When the Canary Stops: New Bitcoin Mining Hack a Wake-Up Call?
Another day, another bitcoin mining hack. According to Threatpost, a group of unknown attackers was able to take control of servers owned by Norwegian mining service Cloudminr.io, harvest its entire database and take over its website. This isn’t the first problem encountered by the virtual currency and won’t be the last, but the mining disaster points to a canary that’s kicked the bucket and a market that may not be ready for nonstandard funds. Is it time to close the tunnels, shut down the exchanges and take a break from bitcoin?
What’s Yours Is Mine
As noted by The Hacker News, the home page of Cloudminr.io stood as mute testament to the attackers’ triumph, at least for a few days. While it’s now offline, the compromised version offered to sell Cloudminr’s entire database of 80,000 accounts — including usernames and passwords — for just one bitcoin, or around $240. As proof of their misdeeds, the cybercriminals also modified the homepage to show a partial list of compromised accounts, including plain text passwords.
The low price for this kind of valuable information suggests that profit isn’t the motivator here. As Threatpost pointed out, users had already expressed concern about the site’s legitimacy, and the use of unencrypted passwords to safeguard bitcoin accounts seems to confirm their worst fears.
The Underground Bitcoin Industry
Bitcoin mining collectives aren’t new, and while many engender the same kind of suspicion as Cloudminr, there’s continuing interest here: Why not leverage the power of someone else’s technology to mine virtual currency and generate free money? But bitcoins make tempting targets for malicious actors since, just like cash, it’s impossible to trace the real owner of any single coin.
In January, for example, the Bitstamp exchange was hacked, and $5 million worth of bitcoins was stolen, ZDNet reported. Back in 2013, Wired noted that inputs.io lost $1.2 million, and every BTC user remembers Mt. Gox.

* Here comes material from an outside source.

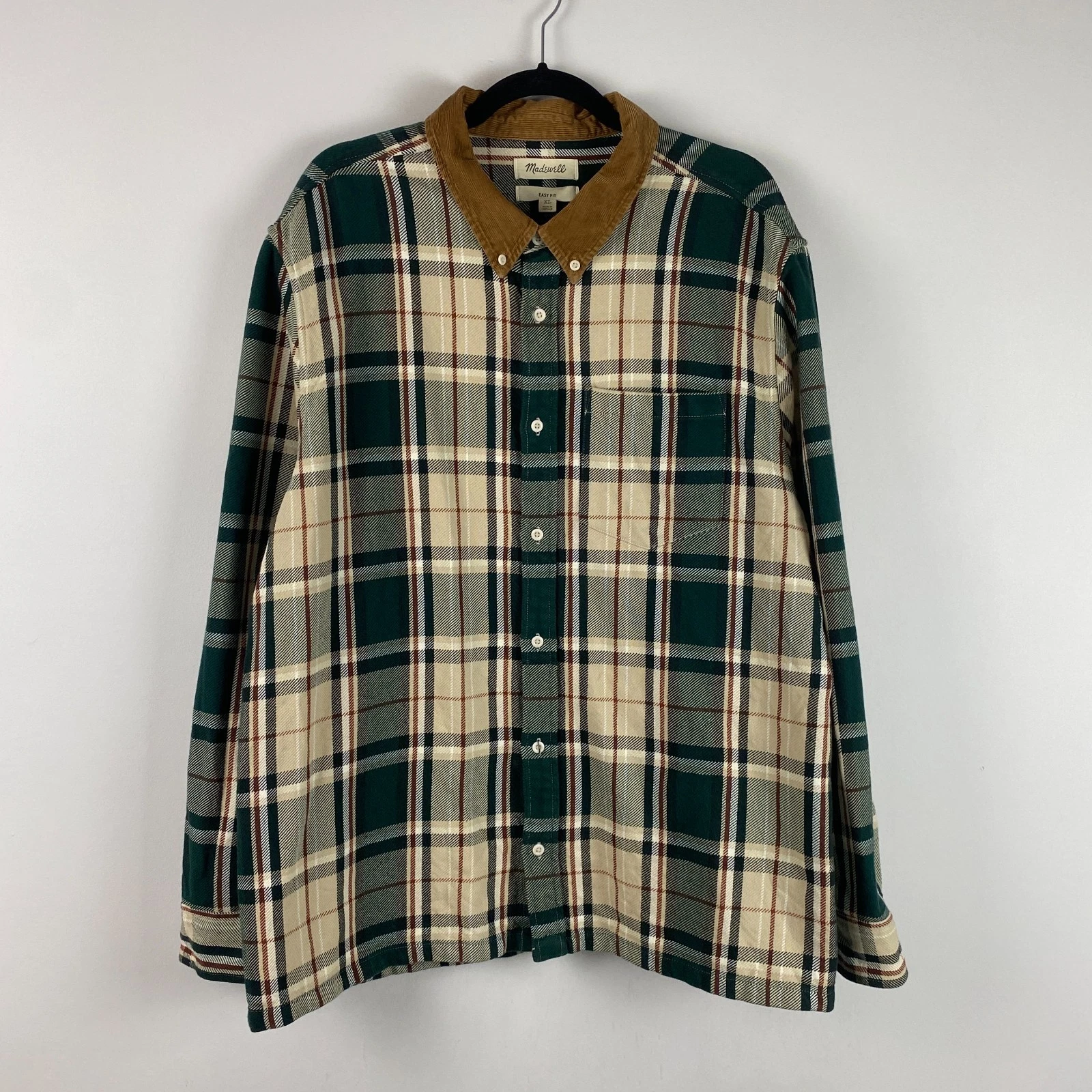 Madewell Corduroy-Collar Easy Long-Sleeve Shirt in Plaid Size XL Cotton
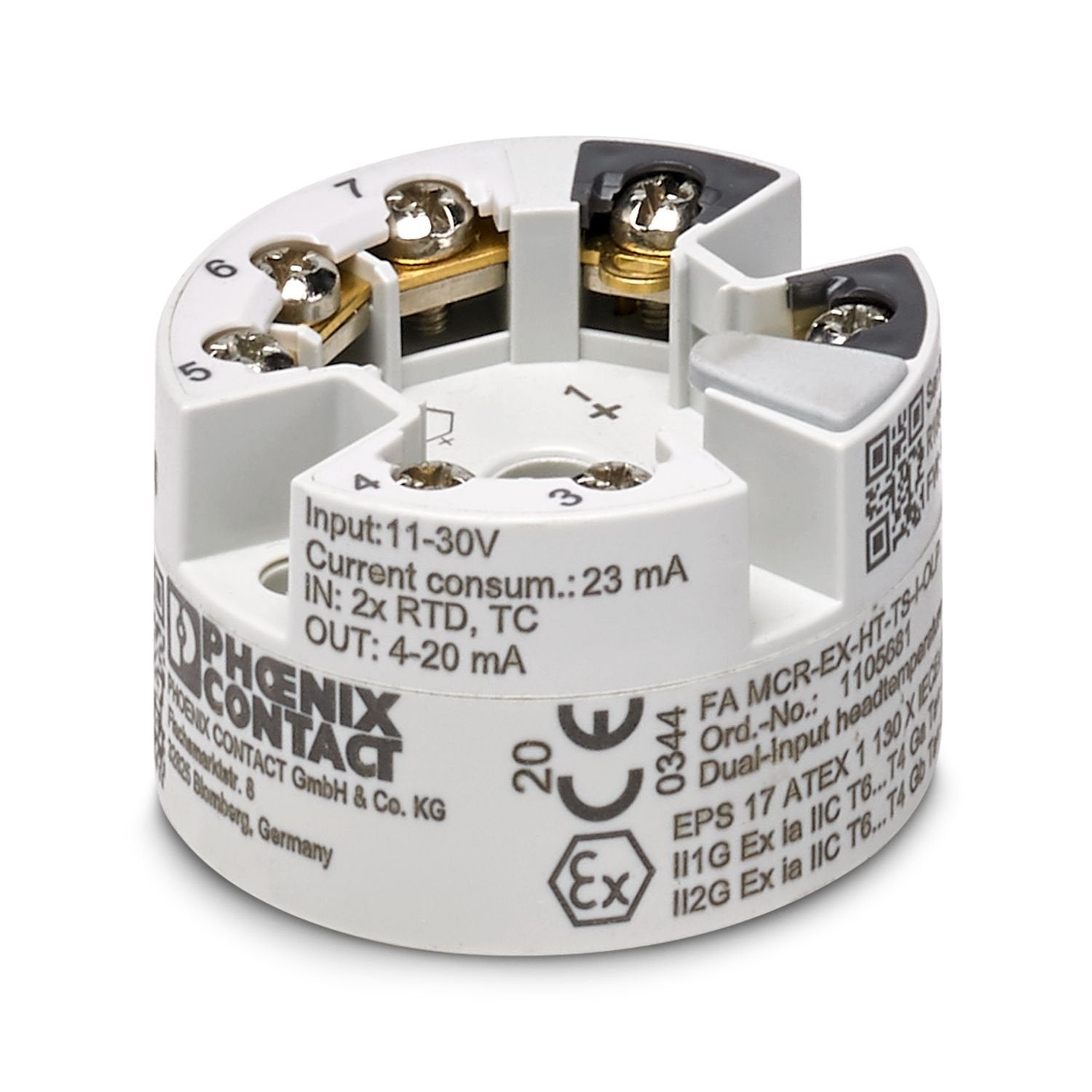 Ex i-Output loop-powered head transmitter for transmitting up to 2 sensor signals from RTD and TC sensors as well as from resistance and voltage sensors via 4 mA ... 20 mA. HART, Standard configuration, Safety Integrity Level (SIL, IEC 61508): 2, Systematic Capability: 3, Screw connection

So where does this leave users? On the horns of a dilemma: The allure of virtual currency is real — under ideal conditions, bitcoin mining provides virtually endless income — but the lack of ownership granted single coins combined with the large volume of personal details that must be provided to mining companies makes for a perfect storm, with users underground too busy digging deep to notice that their canary is deathly silent.
Mine after mine claims its particular version of the bitcoin dream is perfectly safe. Here’s the thing: Any time currency and credentials mix online, there’s potential for attack. The fluctuating, unregulated nature of bitcoin makes it the ideal surface since users are always looking for a new way to store, mine or invest their bitcoins. With a little social engineering, brute force and good luck, cybercriminals can effectively reach in, scoop out the gold and leave worthless metal scraps in their wake.
Bitcoin remains a burgeoning industry, but users keep falling for the trap of sites that talk big and skimp on security. Someone will come along and get this right eventually, but for now, this is mining without a canary — dig at your own risk.